Заранее благодарим за помощь.
Ответы
Ответ 1
Вы должны попробовать следующее:
import org.apache.spark.sql.functions._
val sc: SparkContext = ...
val sqlContext = new SQLContext(sc)
import sqlContext.implicits._
val input = sc.parallelize(Seq(
("a", 5, 7, 9, 12, 13),
("b", 6, 4, 3, 20, 17),
("c", 4, 9, 4, 6 , 9),
("d", 1, 2, 6, 8 , 1)
)).toDF("ID", "var1", "var2", "var3", "var4", "var5")
val columnsToSum = List(col("var1"), col("var2"), col("var3"), col("var4"), col("var5"))
val output = input.withColumn("sums", columnsToSum.reduce(_ + _))
output.show()
Тогда результат:
+---+----+----+----+----+----+----+
| ID|var1|var2|var3|var4|var5|sums|
+---+----+----+----+----+----+----+
| a| 5| 7| 9| 12| 13| 46|
| b| 6| 4| 3| 20| 17| 50|
| c| 4| 9| 4| 6| 9| 32|
| d| 1| 2| 6| 8| 1| 18|
+---+----+----+----+----+----+----+
Ответ 2
Обычный и простой:
import org.apache.spark.sql.Column
import org.apache.spark.sql.functions.{lit, col}
def sum_(cols: Column*) = cols.foldLeft(lit(0))(_ + _)

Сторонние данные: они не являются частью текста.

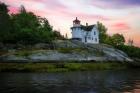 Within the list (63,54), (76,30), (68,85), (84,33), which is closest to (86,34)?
(84,33)

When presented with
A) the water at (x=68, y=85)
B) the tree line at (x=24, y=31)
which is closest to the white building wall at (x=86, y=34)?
the tree line at (x=24, y=31)

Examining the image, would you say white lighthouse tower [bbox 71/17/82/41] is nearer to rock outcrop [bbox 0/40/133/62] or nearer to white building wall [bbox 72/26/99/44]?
white building wall [bbox 72/26/99/44]

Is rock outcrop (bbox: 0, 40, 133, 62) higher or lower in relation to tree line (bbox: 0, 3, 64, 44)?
lower

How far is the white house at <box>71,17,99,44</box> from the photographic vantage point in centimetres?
16662

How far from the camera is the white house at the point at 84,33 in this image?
16662cm

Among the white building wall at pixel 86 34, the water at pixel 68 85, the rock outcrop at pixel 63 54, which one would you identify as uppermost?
the white building wall at pixel 86 34

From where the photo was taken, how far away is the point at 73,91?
43281 mm

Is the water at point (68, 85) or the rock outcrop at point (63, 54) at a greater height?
the rock outcrop at point (63, 54)

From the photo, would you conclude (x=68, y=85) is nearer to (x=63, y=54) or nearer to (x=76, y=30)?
(x=63, y=54)

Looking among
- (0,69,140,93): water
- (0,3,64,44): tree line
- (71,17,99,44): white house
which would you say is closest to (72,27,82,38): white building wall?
(71,17,99,44): white house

val columnstosum = Seq("var1", "var2", "var3", "var4", "var5").map(col _)
df.select(sum_(columnstosum: _*))
с эквивалентом Python:
from functools import reduce
from operator import add
from pyspark.sql.functions import lit, col
def sum_(*cols):
return reduce(add, cols, lit(0))
columnstosum = [col(x) for x in ["var1", "var2", "var3", "var4", "var5"]]
select("*", sum_(*columnstosum))
Оба по умолчанию будут иметь значение NA, если в строке отсутствует значение. Вы можете использовать функцию DataFrameNaFunctions.fill
или coalesce
, чтобы избежать этого.
Ответ 3
Я предполагаю, что у вас есть dataframe df. Затем вы можете суммировать все cols, кроме вашего ID col. Это полезно, когда у вас много колонок, и вы не хотите вручную указывать имена всех столбцов, подобных всем упомянутым выше. Этот пост имеет тот же ответ.

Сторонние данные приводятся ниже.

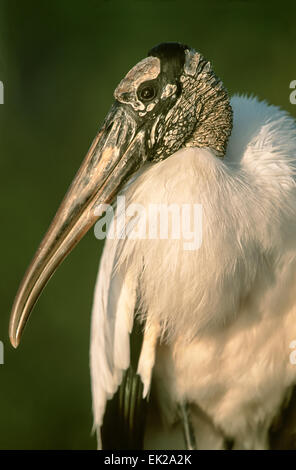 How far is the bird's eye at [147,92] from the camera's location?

val sumAll = df.columns.collect{ case x if x != "ID" => col(x) }.reduce(_ + _)
df.withColumn("sum", sumAll)
Ответ 4
Здесь элегантное решение с использованием python:
NewDF = OldDF.withColumn('sums', sum(OldDF[col] for col in OldDF.columns[1:]))
Надеюсь, это повлияет на что-то подобное в Spark... кто-нибудь?.